The study followed 67,256 nursing home residents in 545 for-profit and not-for-profit facilities in New York State – representing 83 percent of the state’s entire nursing home population. Hospitalization rates were highest in for-profit nursing home where Medicaid residents where 34 percent more likely to be hospitalized than private-pay residents within the same home if it qualified for bed-hold payment. Medicaid residents were 17 percent more likely to be hospitalized than private-pay residents in a not-for-profit home if the home qualified for bed-hold payment and 25 percent more likely to be hospitalized if the home did not qualify.

 

The authors point to efforts to provide nursing home residents more access to the care they need while staying in their residence. Private companies, such as Evercare, that provide outside, on-demand care directly to nursing homes have been associated with fewer hospitalizations.

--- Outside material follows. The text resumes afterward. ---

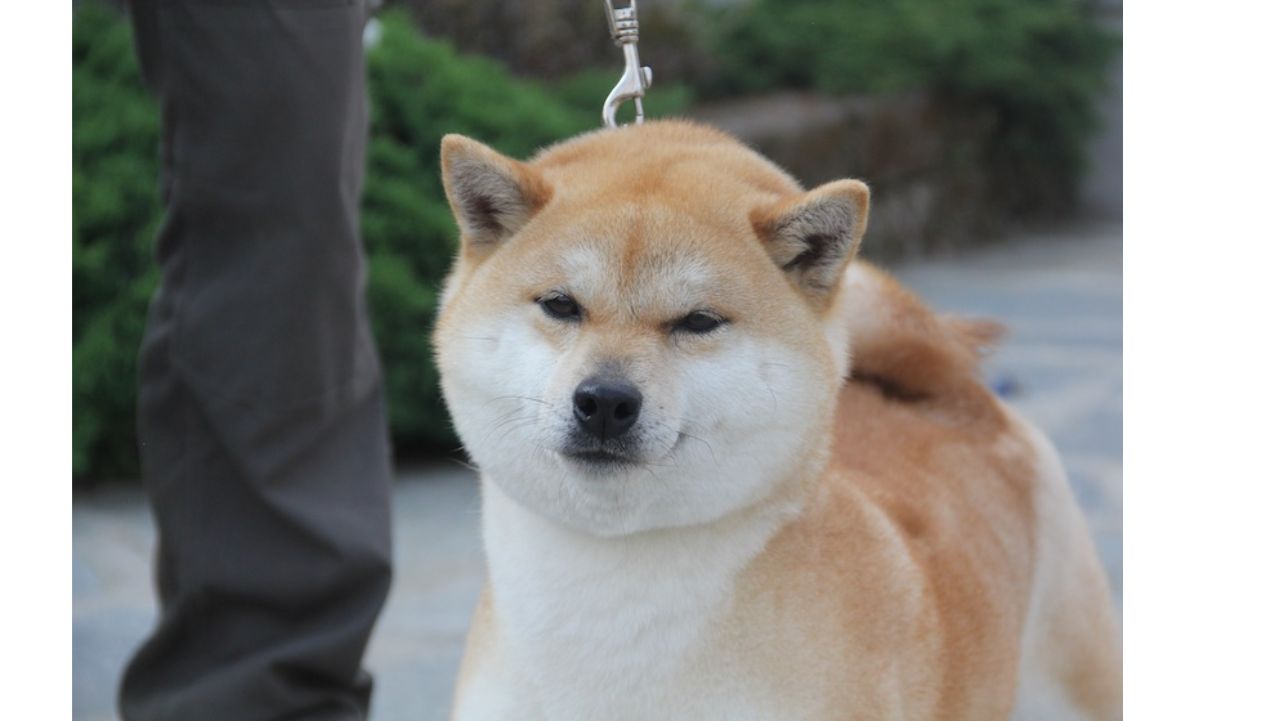 Miyaku-Sakurame-Go-Sanuki-Mizumotosou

Additionally, a pay-for-performance project has been launched by the Centers for Medicare and Medicaid Services which provides payments to nursing homes based on quality measures, including hospitalization rates. Ultimately, the authors contend that the two federal programs need to devise a coordinated response.

 

“To reduce hospitalizations of Medicaid residents and improve both quality of care and costs, policy-makers will need to align Medicaid and Medicare’s incentives,” said Cai.

 

 


University of Rochester Medical Center, 03.10.2011 (tB).